(Available data)
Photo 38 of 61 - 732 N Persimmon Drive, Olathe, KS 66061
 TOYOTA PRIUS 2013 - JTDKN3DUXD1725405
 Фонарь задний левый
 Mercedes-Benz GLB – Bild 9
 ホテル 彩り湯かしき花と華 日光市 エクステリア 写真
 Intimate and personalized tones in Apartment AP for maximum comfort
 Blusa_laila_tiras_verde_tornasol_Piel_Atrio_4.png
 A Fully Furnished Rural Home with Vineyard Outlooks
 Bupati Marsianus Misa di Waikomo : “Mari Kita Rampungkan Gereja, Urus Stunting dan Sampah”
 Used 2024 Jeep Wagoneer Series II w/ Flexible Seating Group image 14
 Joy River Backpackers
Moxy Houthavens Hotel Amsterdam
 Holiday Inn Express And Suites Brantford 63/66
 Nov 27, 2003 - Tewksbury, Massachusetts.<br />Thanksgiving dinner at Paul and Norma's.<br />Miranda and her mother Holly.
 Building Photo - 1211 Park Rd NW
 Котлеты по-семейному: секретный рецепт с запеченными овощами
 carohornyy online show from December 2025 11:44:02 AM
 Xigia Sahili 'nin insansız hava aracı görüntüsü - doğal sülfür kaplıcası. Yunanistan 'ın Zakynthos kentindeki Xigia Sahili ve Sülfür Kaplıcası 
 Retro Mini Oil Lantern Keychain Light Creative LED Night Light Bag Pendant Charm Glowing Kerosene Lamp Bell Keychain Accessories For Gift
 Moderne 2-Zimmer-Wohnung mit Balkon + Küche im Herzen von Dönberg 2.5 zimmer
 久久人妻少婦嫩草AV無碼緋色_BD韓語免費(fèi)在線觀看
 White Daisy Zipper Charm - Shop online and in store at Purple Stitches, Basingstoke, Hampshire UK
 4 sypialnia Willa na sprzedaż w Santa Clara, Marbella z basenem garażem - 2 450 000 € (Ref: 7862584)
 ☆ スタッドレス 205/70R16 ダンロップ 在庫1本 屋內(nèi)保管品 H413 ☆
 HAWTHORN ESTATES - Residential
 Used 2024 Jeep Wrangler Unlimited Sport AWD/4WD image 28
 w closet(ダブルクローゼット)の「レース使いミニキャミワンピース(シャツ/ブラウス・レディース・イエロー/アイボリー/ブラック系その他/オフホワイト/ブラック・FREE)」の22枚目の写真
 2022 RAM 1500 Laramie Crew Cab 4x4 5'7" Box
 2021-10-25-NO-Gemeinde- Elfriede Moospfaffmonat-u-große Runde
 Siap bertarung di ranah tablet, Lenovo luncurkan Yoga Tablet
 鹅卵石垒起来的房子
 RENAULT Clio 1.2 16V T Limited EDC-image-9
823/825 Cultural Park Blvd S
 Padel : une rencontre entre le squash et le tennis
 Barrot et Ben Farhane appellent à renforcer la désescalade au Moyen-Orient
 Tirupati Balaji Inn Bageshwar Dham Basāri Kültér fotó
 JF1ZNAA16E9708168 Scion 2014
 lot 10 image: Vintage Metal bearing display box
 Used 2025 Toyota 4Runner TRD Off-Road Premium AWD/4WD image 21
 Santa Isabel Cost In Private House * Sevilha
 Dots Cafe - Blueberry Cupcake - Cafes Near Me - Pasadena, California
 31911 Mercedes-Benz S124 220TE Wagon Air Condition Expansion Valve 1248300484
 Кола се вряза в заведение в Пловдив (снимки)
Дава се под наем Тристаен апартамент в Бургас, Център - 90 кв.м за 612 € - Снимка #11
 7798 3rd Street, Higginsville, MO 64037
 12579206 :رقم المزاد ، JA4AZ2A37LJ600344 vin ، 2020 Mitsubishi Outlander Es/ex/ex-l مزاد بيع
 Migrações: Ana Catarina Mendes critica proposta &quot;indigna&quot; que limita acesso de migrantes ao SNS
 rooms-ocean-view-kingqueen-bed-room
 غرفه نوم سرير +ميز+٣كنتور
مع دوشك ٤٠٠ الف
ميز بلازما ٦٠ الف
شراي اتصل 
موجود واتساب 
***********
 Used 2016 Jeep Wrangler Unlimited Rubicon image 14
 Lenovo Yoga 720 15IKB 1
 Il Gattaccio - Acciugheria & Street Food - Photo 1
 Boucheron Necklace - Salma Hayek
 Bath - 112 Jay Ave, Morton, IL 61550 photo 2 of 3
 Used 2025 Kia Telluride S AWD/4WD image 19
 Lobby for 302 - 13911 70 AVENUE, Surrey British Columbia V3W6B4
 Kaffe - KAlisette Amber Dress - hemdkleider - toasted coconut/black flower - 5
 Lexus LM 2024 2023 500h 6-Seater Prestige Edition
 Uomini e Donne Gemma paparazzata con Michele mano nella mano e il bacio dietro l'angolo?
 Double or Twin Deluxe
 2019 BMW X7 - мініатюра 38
(End Available data)
Exercise directions
Take the line that contains "Uomini e Donne" and every line after it through the end of the listing above, and repeat them exactly.

Output of the exercise
 Uomini e Donne Gemma paparazzata con Michele mano nella mano e il bacio dietro l'angolo?
 Double or Twin Deluxe
 2019 BMW X7 - мініатюра 38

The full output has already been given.